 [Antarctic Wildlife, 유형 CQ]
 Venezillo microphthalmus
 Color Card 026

--

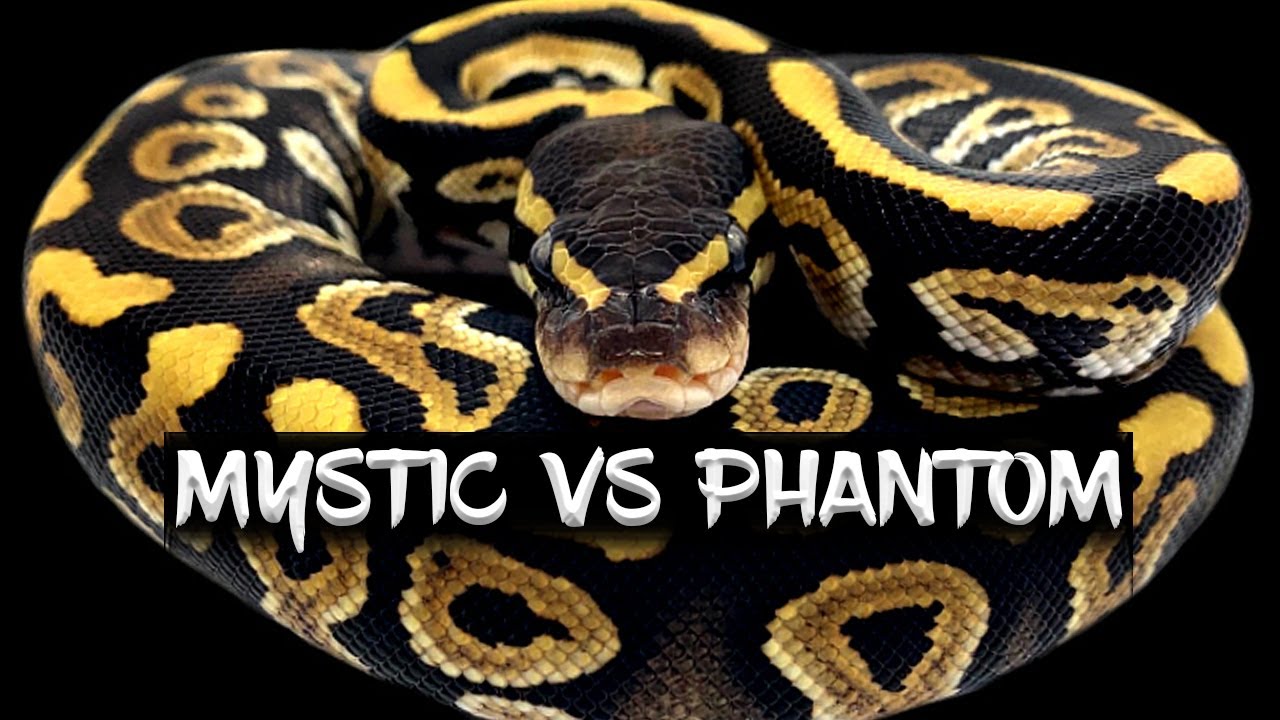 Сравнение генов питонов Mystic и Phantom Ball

--

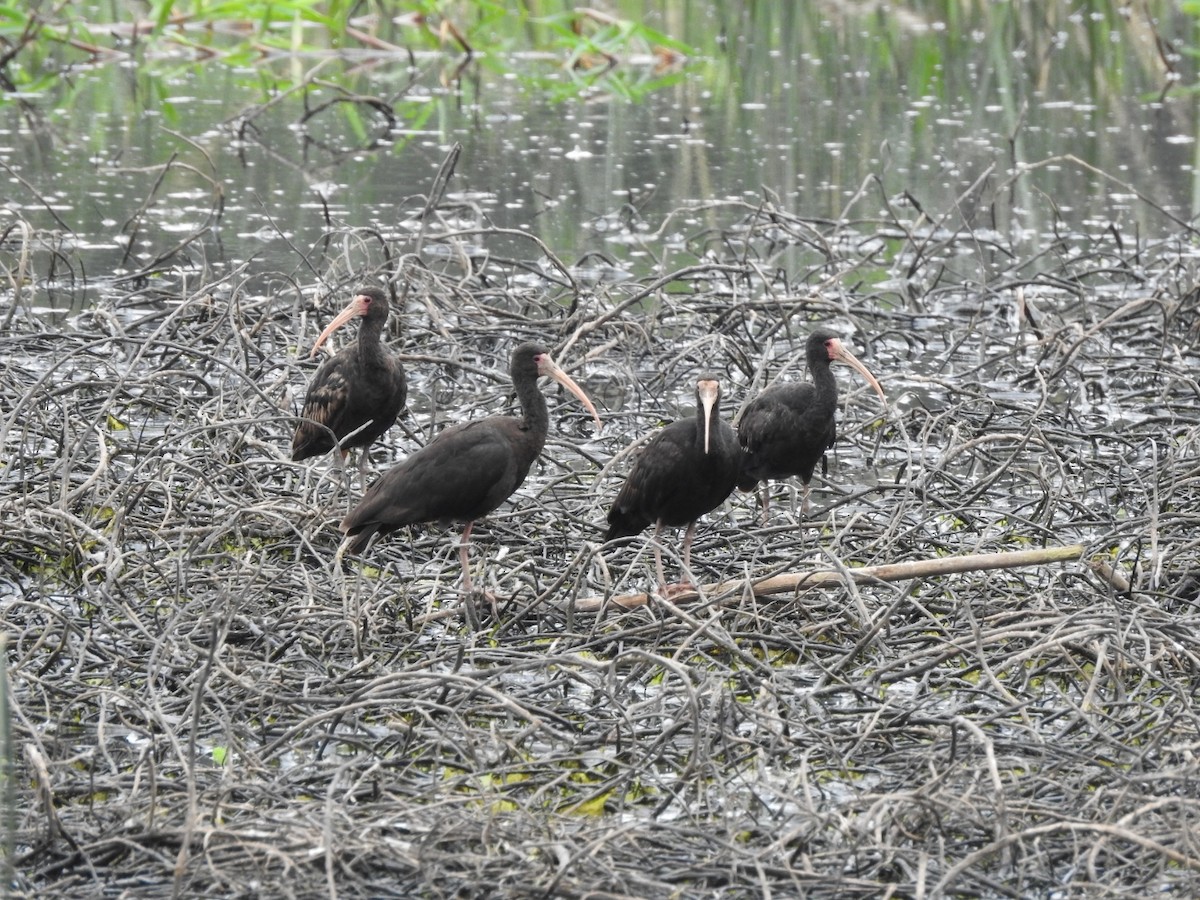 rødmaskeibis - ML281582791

Activity:
Please transcribe exactly the lines above from the line that has "[Antarctic Wildlife, 유형 CQ]" up to and including the line that has "Color Card 026"; no other line belongs in the answer.

Expected answer:
 [Antarctic Wildlife, 유형 CQ]
 Venezillo microphthalmus
 Color Card 026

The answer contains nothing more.